Inspiration
With an interest in computer vision and color theory, we decided to create a project that detects someone's skin tone and suggests some clothing items/colors that would suit their skin tone. We were also inspired by the increasing demand for personal color analysis, most notably in South Korea.
What it does
The user takes a picture of themselves using our web app or uploads an existing image. Their skin tone is detected using computer vision by tracking the color combinations based on Google's Monk Skin Tone Scale, our algorithm chooses matching tops that would suit their skin color. For example, warm colors like red and orange match those who are tanned while cool colors like blue and purple match those who are pale or fair-skinned. Based on that extracted skin tone and the user's body type, our app creates an outfit that could suit the user. Additionally, we have used Cohere & Stable Diffusion to match up other pieces of clothing such as trousers or boots that would suit the chosen top to build together the overall outfit for the user.
How we built it
Web app frontend
Tools used: Next.js, TailwindCSS
Although initially starting with React.js, we switched to Next.js after struggling to set up TailwindCSS with React. Only one of our teammates knew it, but it helped to have this framework to offload the routing, styling, etc.
Skin tone detection
Tools used: OpenCV (including human detection)
Colour Theory
Tools used: Skintone Research @ Google AI
We utilized the Monk Skin Tone Scale, which provides a spectrum of ten skin tone shades that ML researchers use to prevent bias in their models. We researched which color fabrics work well with each shade (making a few assumptions about undertones) and created a small image dataset from which to suggest which top they would look good wearing.
AI building blocks
Tools used: Cohere - Text Generation
Hugging Face + Stable Diffusion - Image Generation
Challenges we ran into
- The accuracy of existing models (and the quality of the image datasets) in accomplishing our tasks was not up to our expectations.

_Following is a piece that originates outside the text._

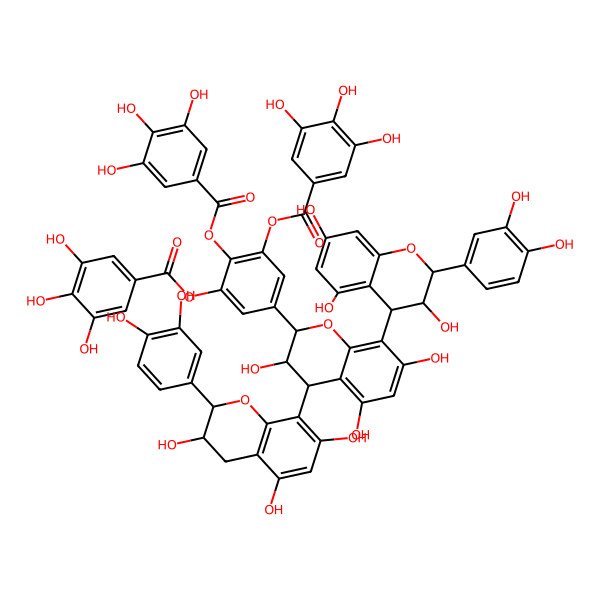 2D Structure of [5-[(2R,3S,4S)-4-[(2S,3R)-2-(3,4-dihydroxyphenyl)-3,5,7-trihydroxy-3,4-dihydro-2H-chromen-8-yl]-8-[(2R,3S,4R)-2-(3,4-dihydroxyphenyl)-3,5,7-trihydroxy-3,4-dihydro-2H-chromen-4-yl]-3,5,7-trihydroxy-3,4-dihydro-2H-chromen-2-yl]-2,3-bis[(3,4,5-trihydroxybenzoyl)oxy]phenyl] 3,4,5-trihydroxybenzoate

- Our team split up into frontend and backend evenly, which made coding go faster but filled us with merge conflicts and confusion. We had a lot of trouble putting the two halves together, and getting our Next.js app to talk to our Flask app.
Accomplishments that we're proud of
- We created a full-stack web app with AI features from scratch within 36 hours that actually work!
What we learned
- Where and how to retrieve datasets and how to integrate them into our codebase
- The importance of data cleaning
- Doing research with curiosity and initiative
What's next for ColorFit
- v3: consider weather or seasonal temperature when recommending an outfit. This can be done through a weather API and some changes to our prompt to OpenLLM. (We imagine this to be seen as an outfit decider to be used as a daily service and to make it more applicable to the real world, integrating the weather is a great way for the user to interact in more detail with their clothing through this medium. )
- v4: provide shopping suggestions (e.g. through an Amazon or eBay API) for items similar to what was suggested.
- v5: allow users to upload their wardrobes (albeit manually) and suggest outfits only based on what they have.
Best .Tech Domain Name by Radix
We chose ColorFit.tech as our domain name.